You will be pleased to hear, a Chathaoirligh, that there will be no need for me to go back in any great detail over what I have said before because the same arguments apply. In other words, if one is granted the extreme favour of an oral hearing by the board one would be able to clarify matters sent in in writing and elaborate or add to them at the hearing. That is really the nub of it. Also, an extension of time for the appeal may be agreed between the applicant and the board. Obviously if there is going to be an oral hearing it is going to take extra time and perhaps some arrangement could be entered into to facilitate that?
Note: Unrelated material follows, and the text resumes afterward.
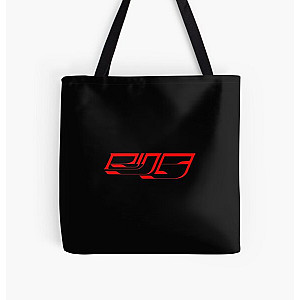 Red Rina Sawayama Logo Merch All Over Print Tote Bag RB0211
I am afraid the purpose of this amendment is not entirely clear to me. If the intention is that the board should accept further written submissions in oral hearing cases then this would simply add another layer to the unacceptable proliferation of submissions which the Bill seeks to avoid. Equally, it would be inconsistent with the strict timescales proposed in the Bill if the appellant and the Board could agree to an extension of time for the appeal. I could not, therefore, accept an amendment on this basis.

If, on the other hand, the Senator's amendment is saying that initial submissions may be clarified or elaborated on at an oral hearing, then the amendment is unnecessary because that is exactly what would happen in an oral hearing.

I am not clear about the first scenario the Minister painted.

Is it the Senator's intention that there would be an opportunity to elaborate at the oral hearing on the grounds already submitted?

Yes. I suppose that at any time between the initial sending in of informatin and the oral hearing one would be able to submit further data, In other words, that that section which says that in any appeal the board cannot have regard to any additional submissions would not apply.

Is the amendment being pressed?

Is the Minister taking it on board? Does the Minister give the impression by what he said first of all that he would be sympathetic to this?

No. What I said was that if the amendment is saying the initial submissions may be clarified or elaborated on at the oral hearing, that is unnecessary because that is why an oral hearing would be granted in the first place.

What is not acceptable? What is the other scenario?

I refer to written submissions or any additional submissions which would involve obliging the board to consider matters which were not already put before the board at the stage at which the appeal was lodged; in other words, the seeking of time extensions, etc.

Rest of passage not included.